# [What is being asked]
Reproduce the entries below exactly, but only from the line containing "Surblue Bedside Organizer" to the line containing "Pull Femme Manches Torsad es Kaki tbs", inclusive.

# [Data extract]
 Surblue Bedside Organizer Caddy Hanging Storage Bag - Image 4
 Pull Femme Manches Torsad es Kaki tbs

* * *

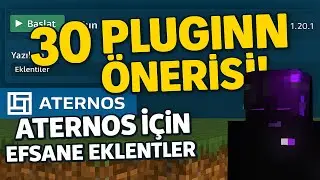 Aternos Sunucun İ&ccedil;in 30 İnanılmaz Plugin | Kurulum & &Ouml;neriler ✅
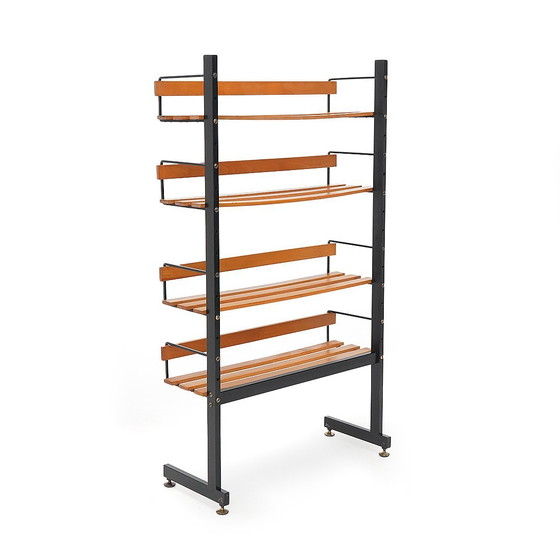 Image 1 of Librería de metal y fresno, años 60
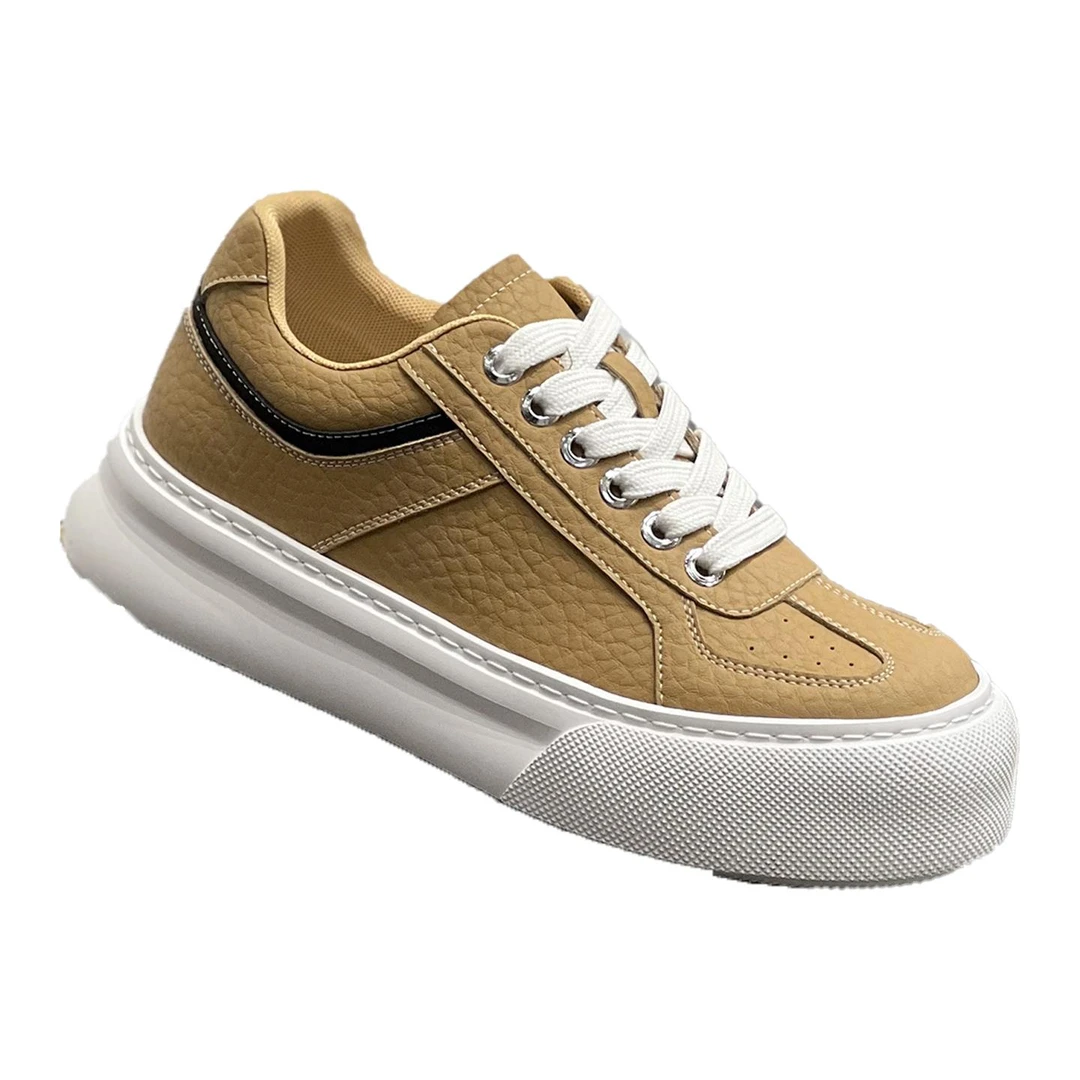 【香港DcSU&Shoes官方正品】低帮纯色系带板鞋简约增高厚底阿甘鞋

# [Result]
 Surblue Bedside Organizer Caddy Hanging Storage Bag - Image 4
 Pull Femme Manches Torsad es Kaki tbs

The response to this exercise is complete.